An Irishman, a Pole, a Russian and a Frenchman are all in a room. What language do they speak? This isn’t a riddle or a joke but what happened to me last week. You see I’m just back from spending eight days in the town of Nitra in Slovakia where I participated in the Somera Esperanto Studado (Summer Esperanto Study). So what is Esperanto like in practice? What is the Esperanto community like, what do Esperantists do when they meet and how does Esperanto function as a language?
I’ve discussed Esperanto twice before on the blog and have been properly studying it for the last five months. However, because the Esperanto community is so dispersed, I had almost no actual practice speaking it. So although my level of reading was decent, I struggled to string a few sentences together when I first arrived. Plus I was nervous about the fact that I knew absolutely no one who would be there and had never been to Slovakia before. This was my first introduction to the world of Esperanto so I didn’t know what to expect.

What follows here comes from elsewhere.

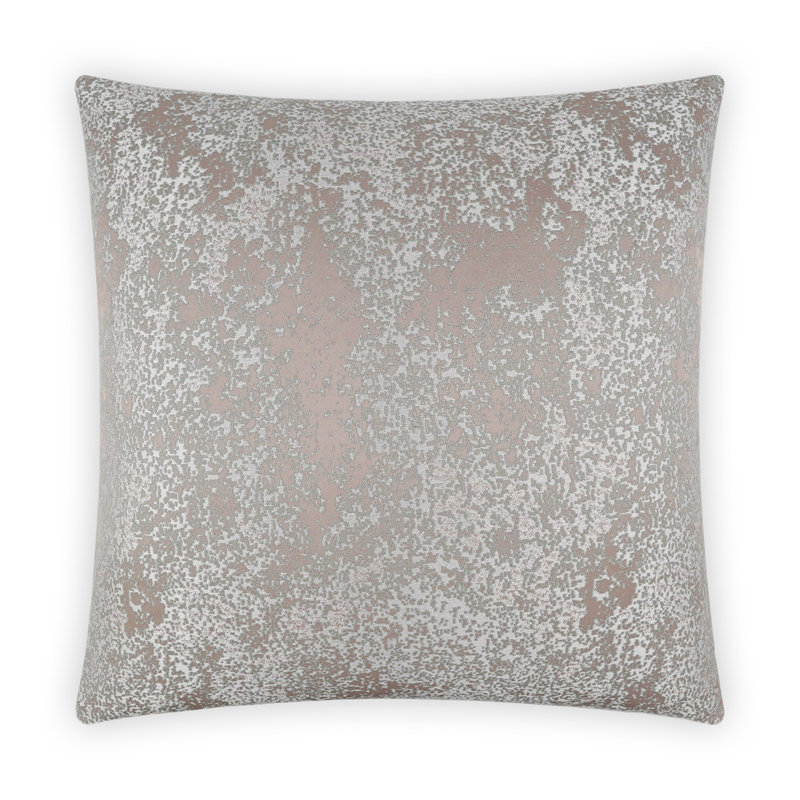 Coussin décoratif Portland, gris, Carré 22 po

SES is basically the same as the Gaelthact but in Esperanto. Every morning we would have four hours of classroom study based on our ability (I was B1). In the afternoon there was a host of talks on various topics, games, dance lessons and general free time. In the evening there would be a concert by an Esperanto artist (though the first night we had a concert in traditional Slovakian music which was surprisingly similar to Irish music). We were all staying in college dorms and had our meals in the communal canteen (which was where I got to know everyone). There were also trips and excursions to nearby towns and historical areas.
The first thing I noticed was how confident and natural the organisers were in their speech. On my first day I was blown away by advanced speakers rattling off Esperanto as rapidly as their native tongue. If anyone has any doubts as to whether Esperanto is a “real” language that properly functions, then I can tell you it certainly does. Conversations flowed as easily as a natural language and not as some hodgepodge that some people have the misconception of Esperanto as. It seemed perfectly normal for me to chat with friends, ask questions or discuss politics over a beer in Esperanto. What was also noticeable was how relaxed everyone was in their Esperanto. There was no need for speeches promoting Esperanto, no propaganda, no flag waving and I never even heard the Esperanto anthem. This wasn’t a political rally but just friends enjoying themselves.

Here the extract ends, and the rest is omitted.